Fix: Mamba2 norm_before_gate usage (#32686)

* mamba2 uses norm_before_gate=False * small nit * remove norm_before_gate flag and follow False path only
2025-07-24 14:58:56 +06:00 · 2024-08-20 19:47:34 +02:00 · 2024-08-20 19:47:34 +02:00 · c63a3d0f17
commit c63a3d0f17
parent 01c4fc455b
2 changed files with 1 additions and 6 deletions
--- a/src/transformers/models/mamba2/configuration_mamba2.py
+++ b/src/transformers/models/mamba2/configuration_mamba2.py
@ -83,8 +83,6 @@ class Mamba2Config(PretrainedConfig):
            Whether or not to rescale `out_proj` weights when initializing.
        use_cache (`bool`, *optional*, defaults to `True`):
            Whether or not the cache should be used.
-        norm_before_gate (`bool`, *optional*, defaults to `True`):
-            Option of cuda kernels -whether to normalize before the gate or not.
        rms_norm (`bool`, *optional*, defaults to `True`):
            Whether to use RMS norm or not.
        chunk_size (`int`, *optional*, defaults to 256):
@ -137,7 +135,6 @@ class Mamba2Config(PretrainedConfig):
        time_step_limit=(0.0, float("inf")),
        rescale_prenorm_residual=False,
        use_cache=True,
-        norm_before_gate=True,
        rms_norm=True,
        chunk_size=256,
        tie_word_embeddings=False,
@ -168,7 +165,6 @@ class Mamba2Config(PretrainedConfig):
        self.n_groups = n_groups
        self.num_heads = num_heads
        self.head_dim = head_dim
-        self.norm_before_gate = norm_before_gate
        self.rms_norm = rms_norm
        self.state_size = state_size
        self.chunk_size = chunk_size
--- a/src/transformers/models/mamba2/modeling_mamba2.py
+++ b/src/transformers/models/mamba2/modeling_mamba2.py
@ -208,7 +208,6 @@ class Mamba2Mixer(nn.Module):
        self.activation = config.hidden_act
        self.act = ACT2FN[config.hidden_act]

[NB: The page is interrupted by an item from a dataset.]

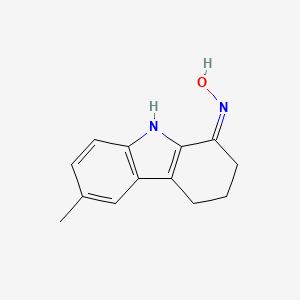 molecular formula C13H14N2O B604775 (1Z)-6-甲基-2,3,4,9-四氢-1H-咔唑-1-酮肟 CAS No. 156424-66-7
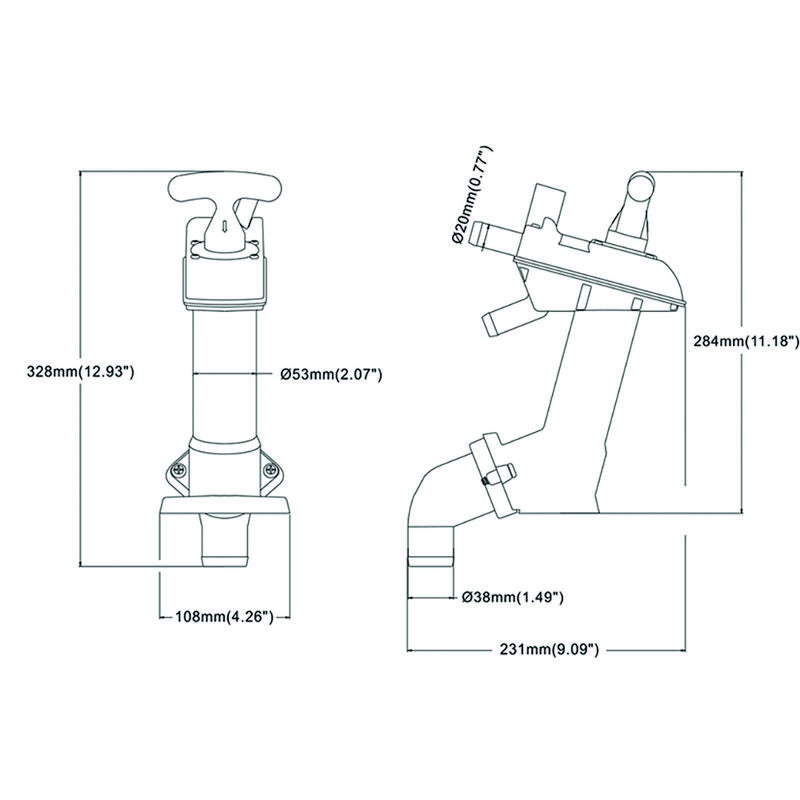 Toalettpump Twist'n Lock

-        self.norm_before_gate = config.norm_before_gate
        self.layer_norm_epsilon = config.layer_norm_epsilon
        self.rms_norm = config.rms_norm

@ -347,7 +346,7 @@ class Mamba2Mixer(nn.Module):
                    outproj_bias=self.out_proj.bias,
                    headdim=self.head_dim,
                    ngroups=self.n_groups,
-                    norm_before_gate=self.norm_before_gate,
+                    norm_before_gate=False,
                    return_final_states=True,
                    **dt_limit_kwargs,
                )